Image-caption web data:
=== Section Start ===

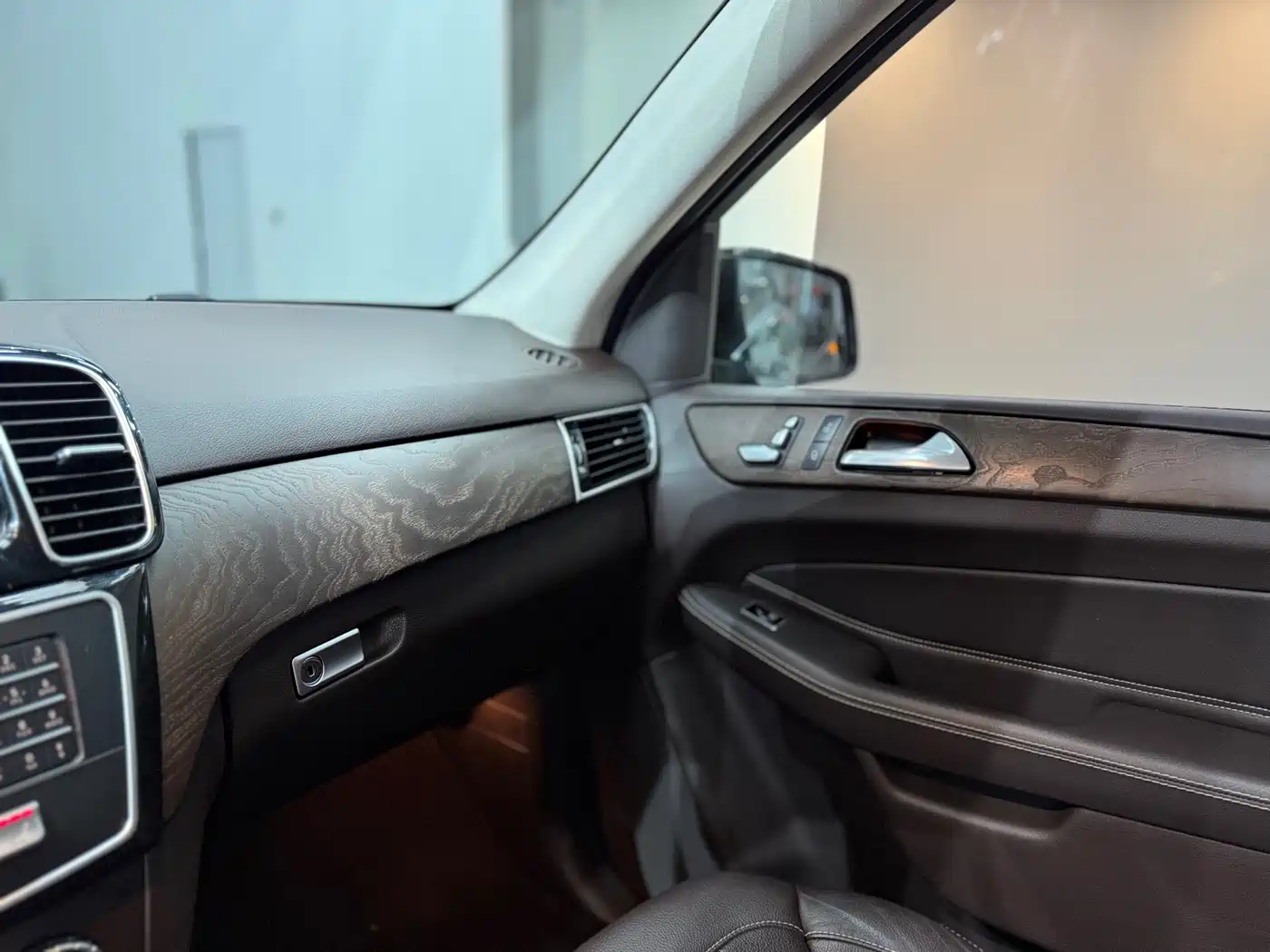 Mercedes-Benz GLE 2015 GLE 400 4MATIC фото 14
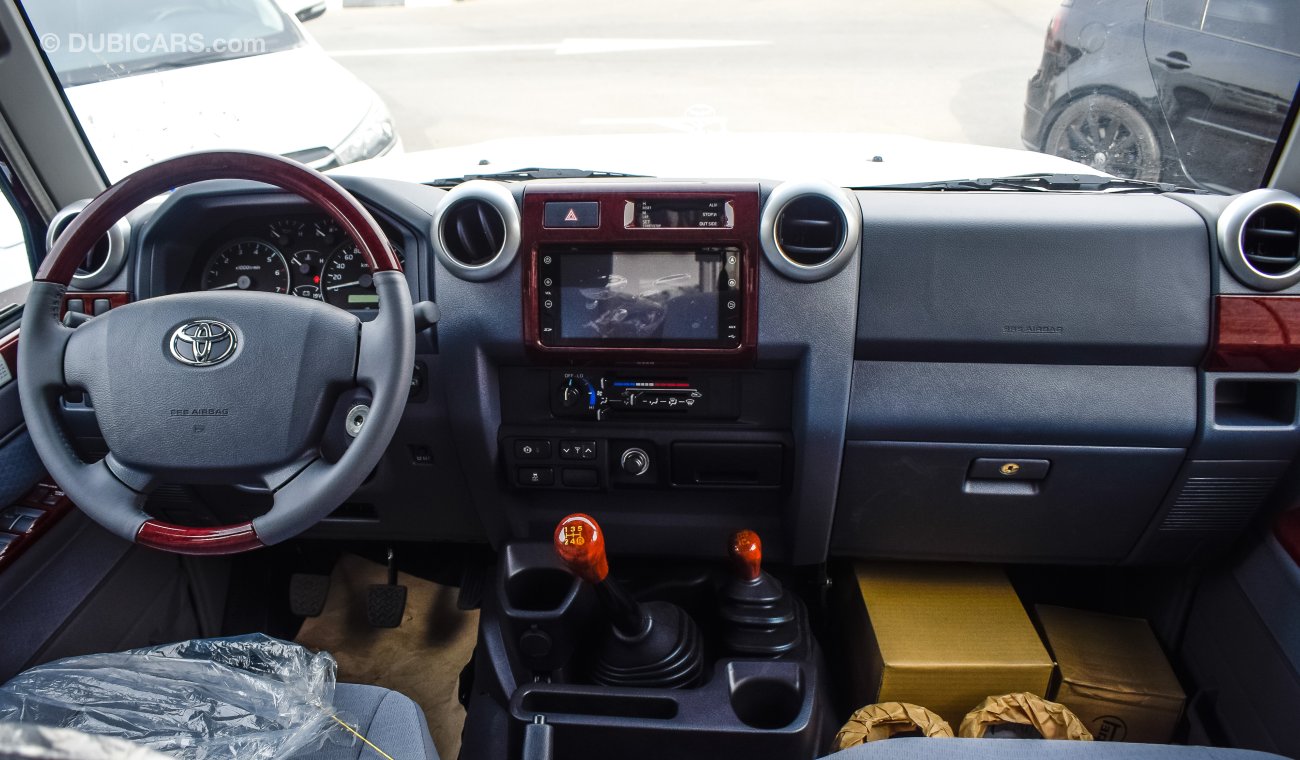 Toyota Land Cruiser Pick Up LX 4.0L V6 LIMITED PETROL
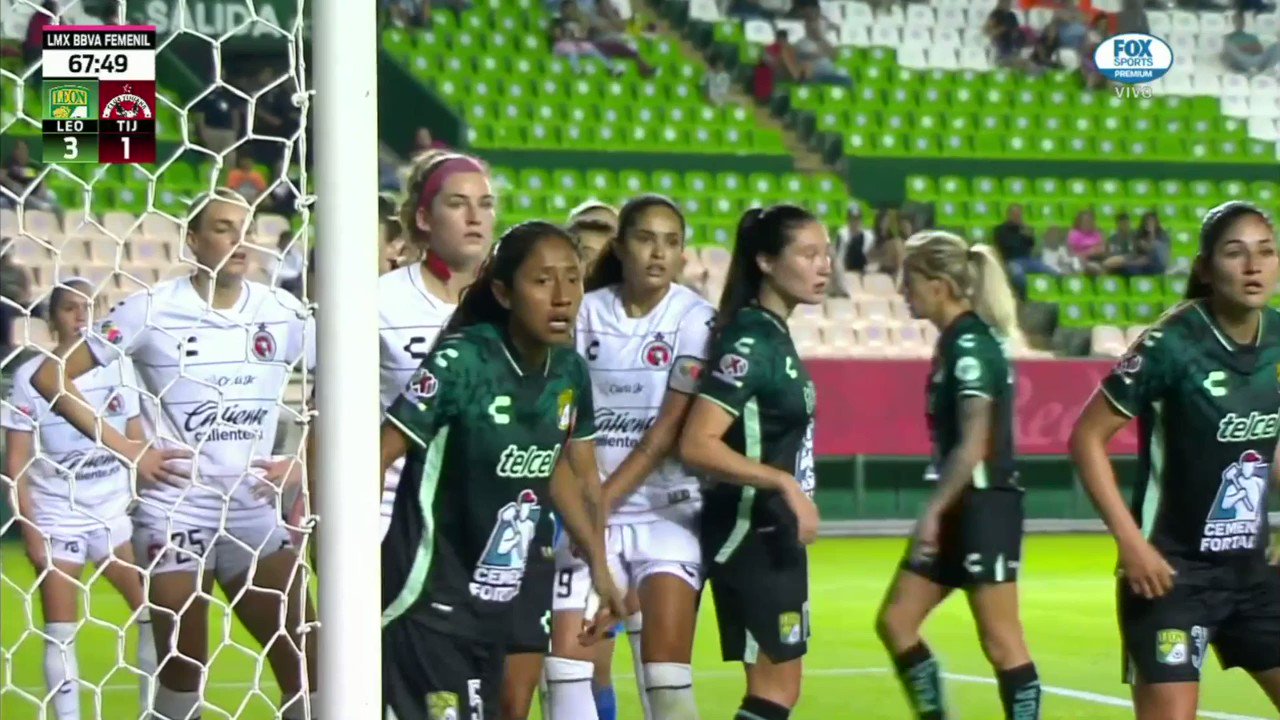 ¡¡¡G⚽⚽⚽L!!!Angelina Hix acortaba la distancia en el marcador, con un remate de cabeza. ⏩👀#VamosPorEllas👊🏼 | 📹#NoTeLoPierdas”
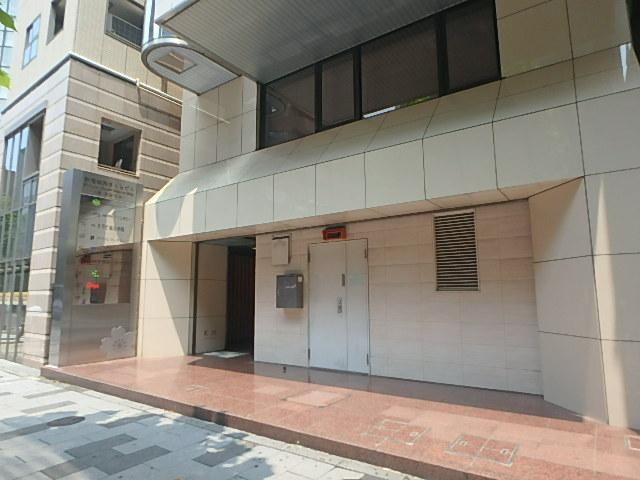 新宿御苑さくらビルエントランス①
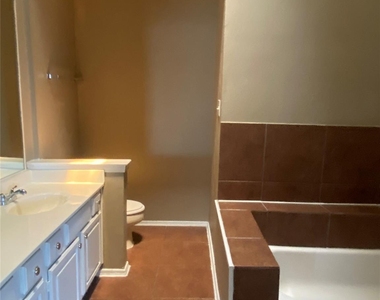 4370 Ashley Lane - Photo Thumbnail 16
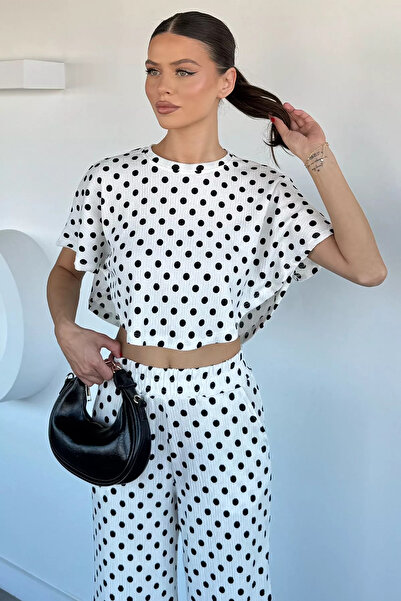 Aryena Cream Women's Crew Neck Polka Dot Bat Sleeve Blouse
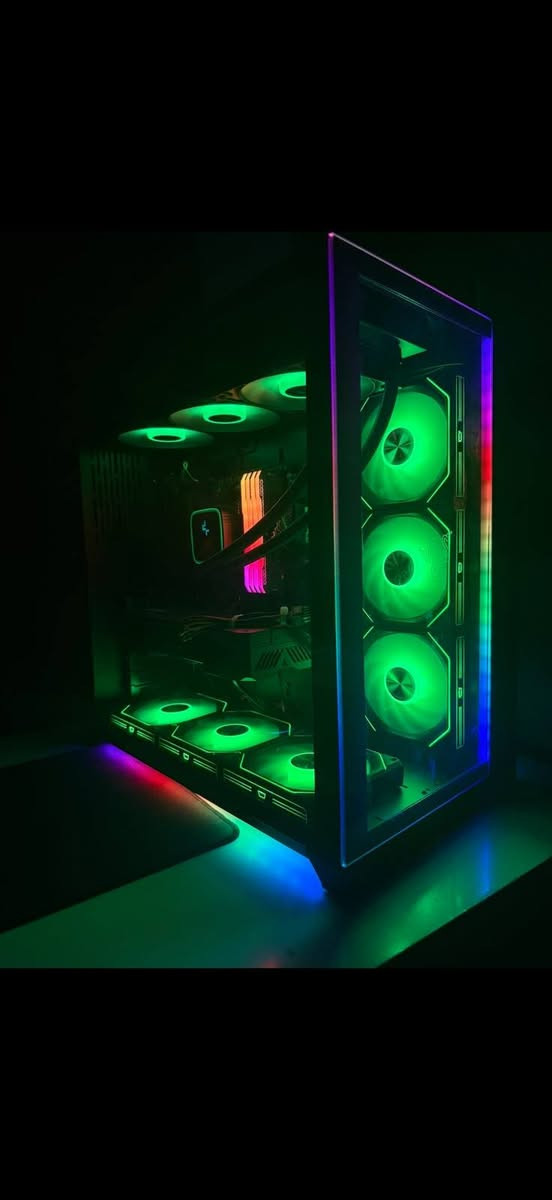 السلام عليكم 
PC مستخدم للبيع 
المواصفات :-
CPU : Ryzen 5 5600X
GPU : AMD RX6750 GRE 10GB ASUS نسخة يابانيه
‏ Motherboard : B550M AORUS ELITE
RAM : 8x4 =32 GB DDR4 3600MHz CORSAIR
SSD : M2 1T msi 
Power supply : 700W aigo
CPU Cooler : Deepcool LS720 SE DIGITAL 
CASE : LIAN LI 011 DYNAMIC RAZER EDITION  نسخه خاصه 
———————————————
و ويا ماوس RAZER BASILISK v3 
و كيبورد REDRAGON UCAL PRO WIRELESS 75%

طبعاً القطع من شركات معروفه و الحاسبه RGB 
و كل كراتين القطع موجوده 
مثل ما موضح بالصور 
للاستفسار: ***********
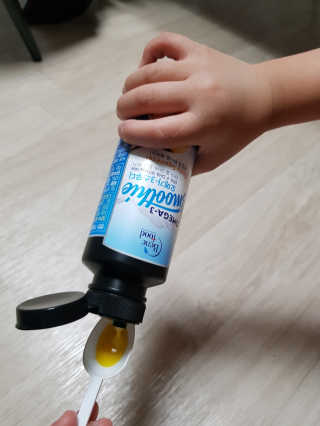오메가-3스무디 [오메가스무디] 짜먹는 오메가3 DHA 임산부 어린이 — 5점을 준 리뷰어가 2019년 5월 올린 사용 사진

=== Section End ===

--- Task prompt ---
Reproduce the entries above exactly, but only the lines between the line holding "B550M AORUS ELITE" and the line holding "و ويا ماوس RAZER BASILISK v3", inclusive.

--- Exercise answer ---
‏ Motherboard : B550M AORUS ELITE
RAM : 8x4 =32 GB DDR4 3600MHz CORSAIR
SSD : M2 1T msi 
Power supply : 700W aigo
CPU Cooler : Deepcool LS720 SE DIGITAL 
CASE : LIAN LI 011 DYNAMIC RAZER EDITION  نسخه خاصه 
———————————————
و ويا ماوس RAZER BASILISK v3 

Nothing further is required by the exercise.